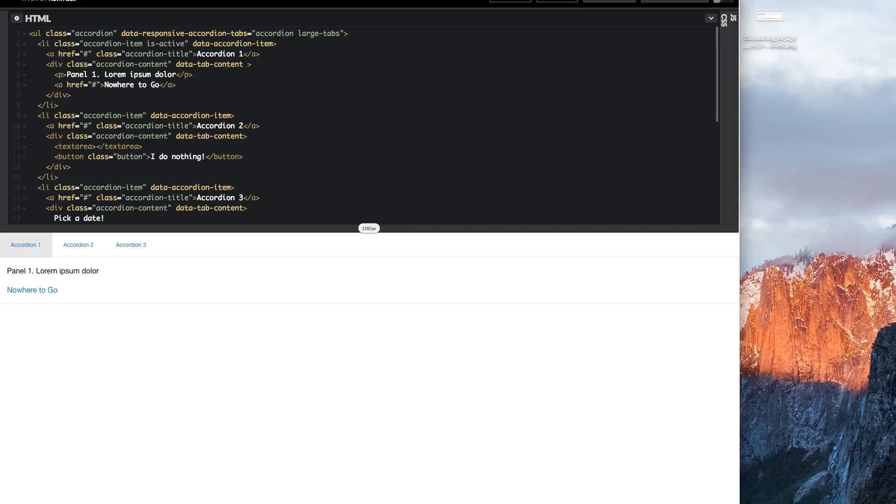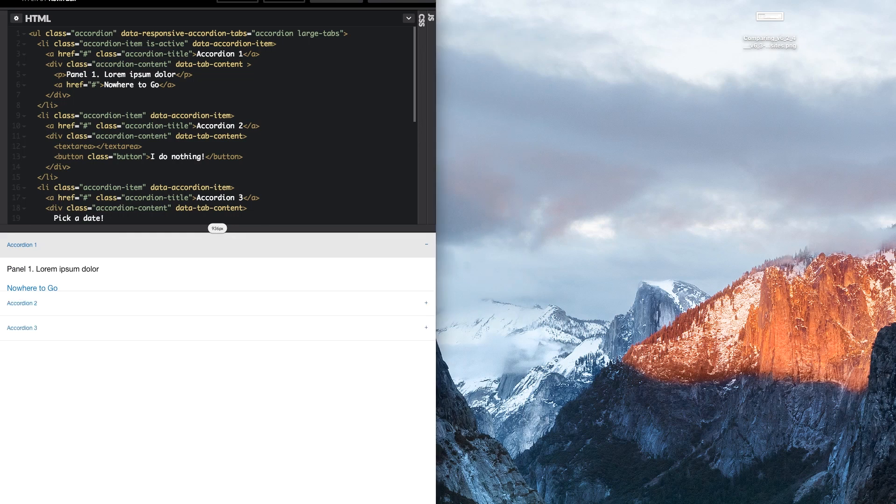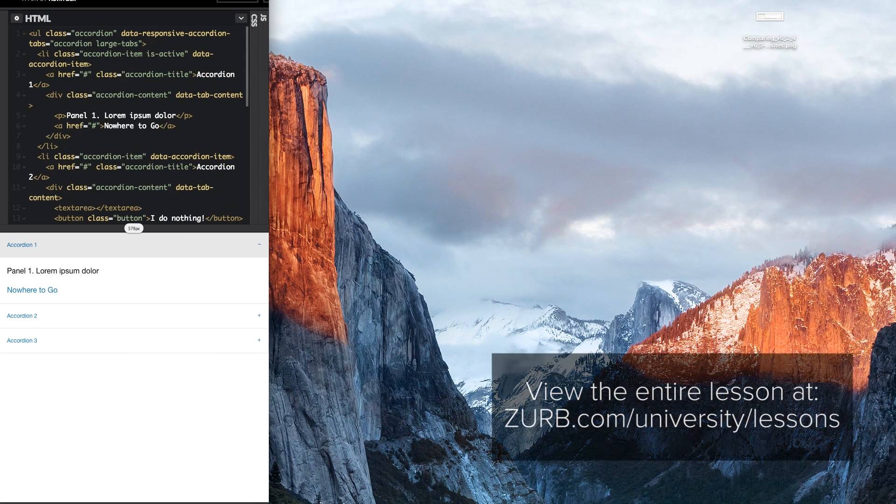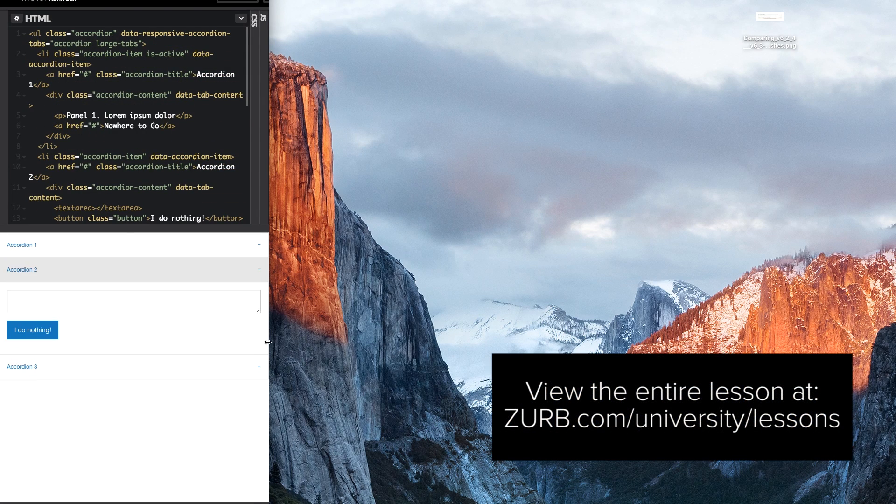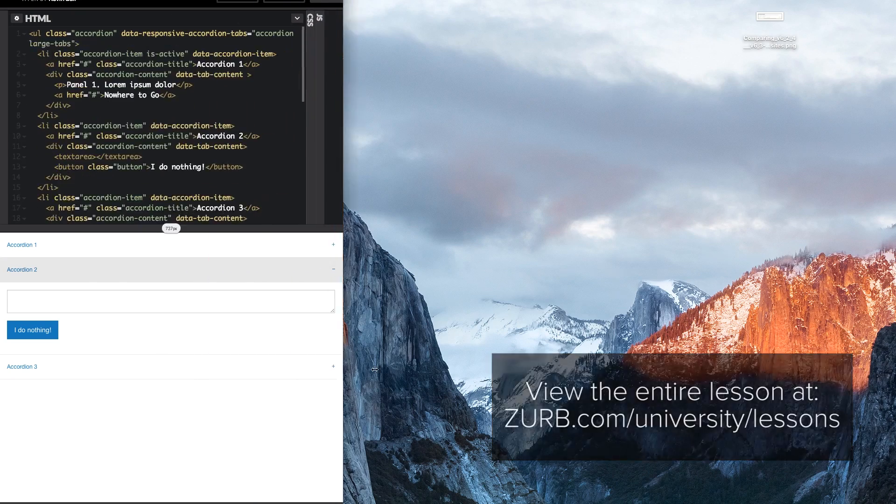One more component I want to talk about — something you have been asking for for years — which is the responsive accordion tabs feature. Some people call this a tabcordion. It's like a unicorn accordion. It does everything. The responsive accordion tabs lets you have content that is an accordion at some breakpoints, tabs at others, and just magically shifts in between. That and about a dozen other features are packed into this release.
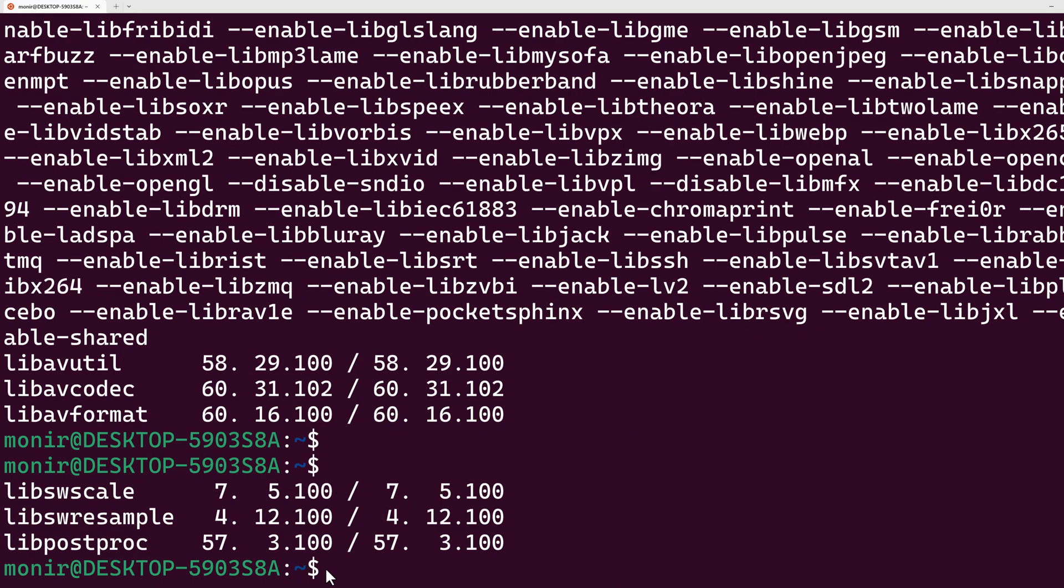ffmpeg is an open source tool which can do any kind of video and audio processing like converting, transcoding, streaming, recording, and many more.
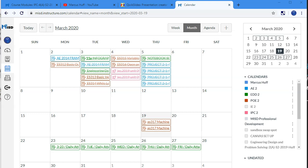Hello, this is Mr. Huff, and one of the things I want to talk about is managing your Canvas calendar.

————

[What you have to do] Omit the pictures, then output the rest of the listing exactly.

[Final answer]
One more component I want to talk about — something you have been asking for for years — which is the responsive accordion tabs feature. Some people call this a tabcordion. It's like a unicorn accordion. It does everything. The responsive accordion tabs lets you have content that is an accordion at some breakpoints, tabs at others, and just magically shifts in between. That and about a dozen other features are packed into this release.
ffmpeg is an open source tool which can do any kind of video and audio processing like converting, transcoding, streaming, recording, and many more.
Hello, this is Mr. Huff, and one of the things I want to talk about is managing your Canvas calendar.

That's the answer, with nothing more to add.